Out of a population of 318,900,000 residents, the police have killed 776 so far this year. That means the police have killed 0.24 people per 100,000. That's about one per 416,667 people. Imagine a city or a county with a population of 416,667, where the police kill one criminal a year. That probably wouldn't seem excessive. Newsworthy, but not prima facie evidence of excessive force.

Of those 776 killed, 582 were armed. Black people were killed at a higher rate than whites and hispanics, with about 0.5 per 100,000 black residents being killed by police. That's one black person killed per 200,000, with about a 3-in-4 chance that he was armed at the time.

According to the FBI, the murder rate for the whole country was 4.7 per 100,000 in 2013, the most recent year for which they have data. That means that Americans who aren't cops are being killed by each other 9.4 times as often as they're being killed by police. If seeing a cop makes you worry about being killed, you should worry nine times as much when you see anybody who's not a cop.

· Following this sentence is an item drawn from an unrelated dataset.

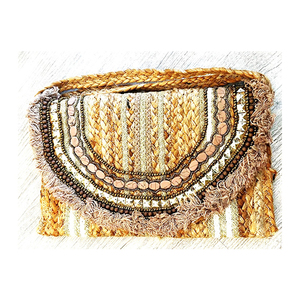 Color sólido de moda de alta calidad con asa de cuentas bolso de hombro plisado de la India para mujer moda de exportador indio - Product Image 3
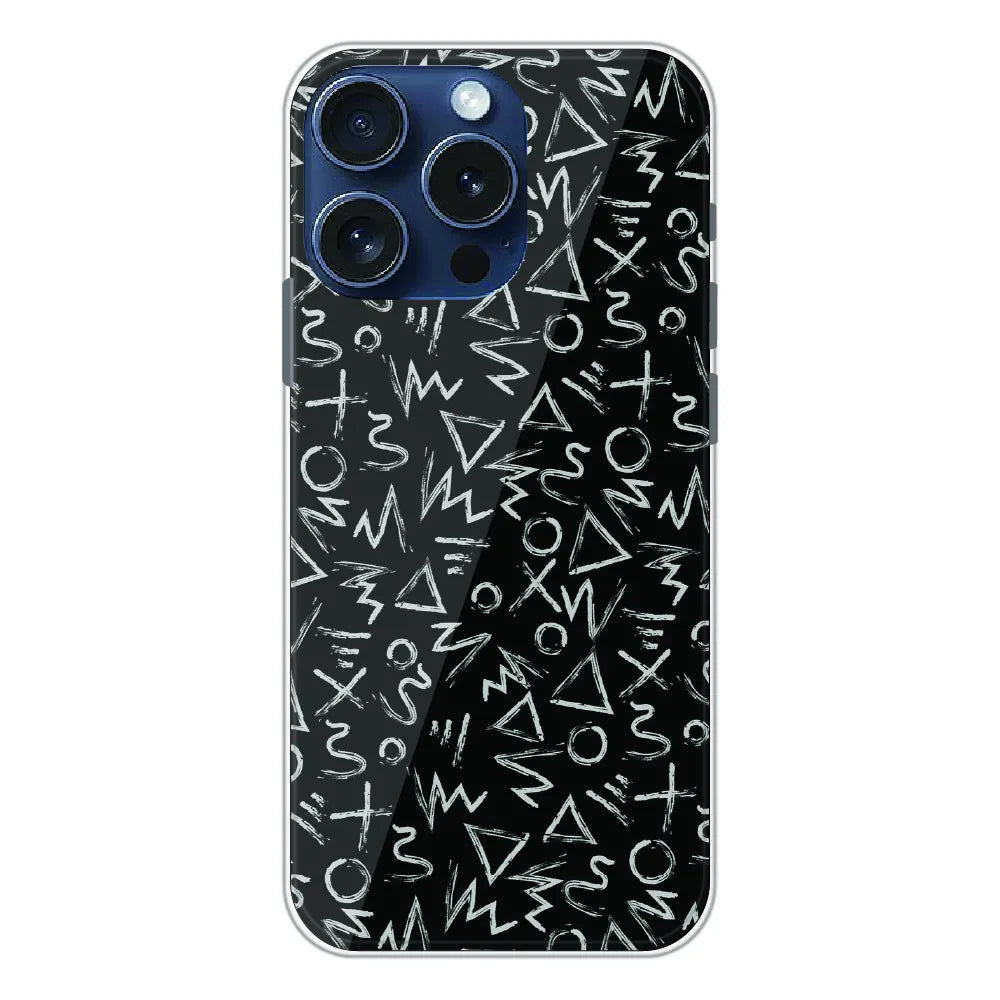 Geometric Black & White Pattern - Printed Silicone Case For Apple iPhone 16 Pro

As of yesterday, 83 police officers have died in the line of duty this year. 83 is a much smaller number than 776; however, that's out of a total of around 900,000 officers versus 318,900,000 residents. Cops are being killed this year at a rate of 9.22 per 100,000. That's nearly double the murder rate. In other words, despite how much the odds are stacked in favor of a cop surviving a gunfight, Americans are killing their police officers at almost twice the rate that they're killing anyone else, and about eighteen-and-a-half times as often as cops kill black people.

We have all these facts in front of us, and yet the public narrative is that cops are the ones who are violently out of control, and that the biggest thing black people have to worry about is being killed by the police, when there's only a one-in-200,000 chance of that happening, and only one-in-800,000 if they're unarmed. That's a smidge more likely than your chances of being struck by lightning (1-in-960,000). If you listen to left-leaning news commentators, though--or worse, the angry echo chambers that exist in the liberal pockets of the Internet--you'll get the idea that black communities are under siege, where parents have "the talk" with their kids to keep them from being murdered by police, and that even well-meaning police officers of color are unwittingly being driven by their inherent biases to kill black people at the first opportunity that presents itself, like Manchurian Candidates in blue, brainwashed by neo-Nazis to commit a genocide against the black a rate of about ten percent of the normal murder rate.

If, then, people would like to preserve what's left of their credibility, they'd do well to put away their race cards and quit crying "wolf!" every time an aspiring cop killer loses a fight and happens to be black. Is there a problem of excessive use of force by the police in this country? Certainly. One innocent life lost is too many. But when we lose all sense of perspective, when we hysterically elevate this problem to the front and center of social discourse at the expense of greater and more pressing problems like poverty, war, climate change, and growing inequality, we do the entire world an injustice. When people respond to chants of "Black Lives Matter" with "Blue Lives Matter" or retorts about how people should focus on black-on-black violence if they really believe that black lives matter, it's not an attempt to advance racism. It's an attempt to cut through the histrionics, and to order priorities by the actual numbers instead of by how successfully a sensationalist media seeking higher ratings has managed to inflame people's emotions.